[[ Dataset extract open ]]

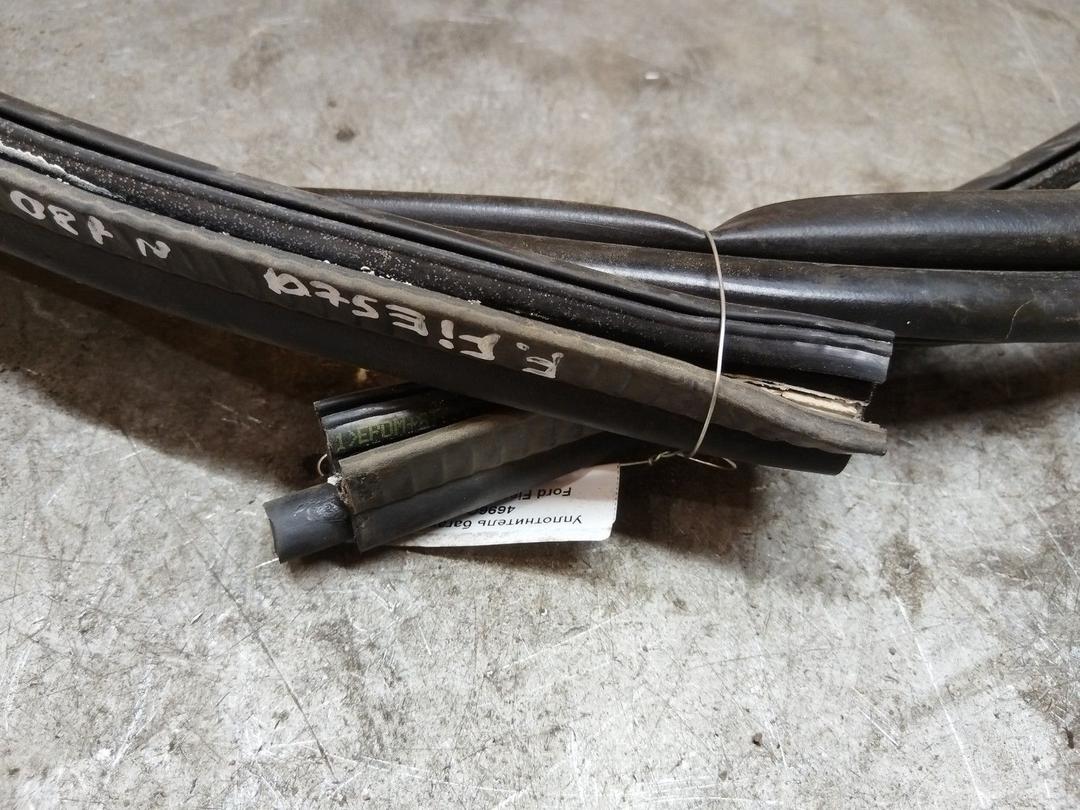 Уплотнитель багажника 4696O1 Ford Fiesta купить с доставкой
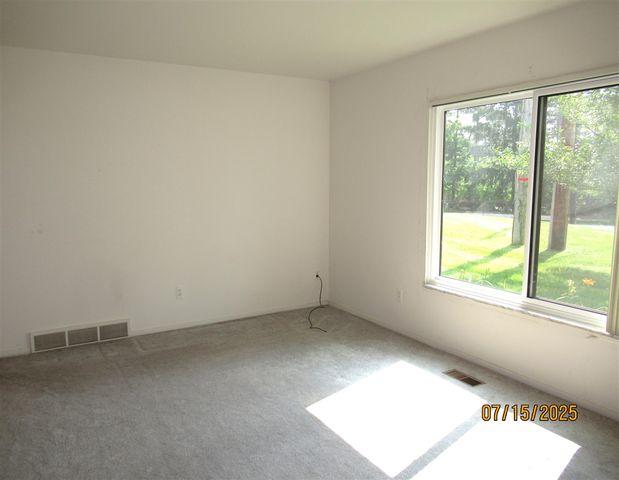 1 Westbury Court, Ann Arbor, MI 48105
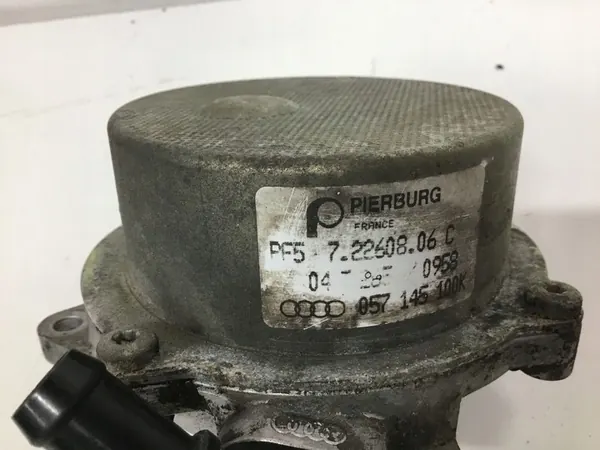 Imupumppu AUDI A6 AVANT 2.5L Diesel 2003 OEM 72260806C image 4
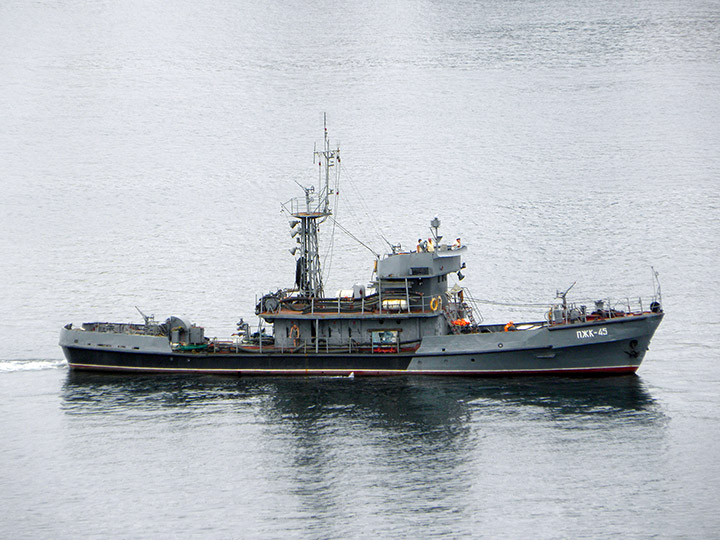 Противопожарный катер "ПЖК-45" на репетиции Военно-морского парада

[[ Dataset extract closed ]]

Try it —
Output the lines above in full and exactly as given, omitting any pictures.

Task output —
 Уплотнитель багажника 4696O1 Ford Fiesta купить с доставкой
 1 Westbury Court, Ann Arbor, MI 48105
 Imupumppu AUDI A6 AVANT 2.5L Diesel 2003 OEM 72260806C image 4
 Противопожарный катер "ПЖК-45" на репетиции Военно-морского парада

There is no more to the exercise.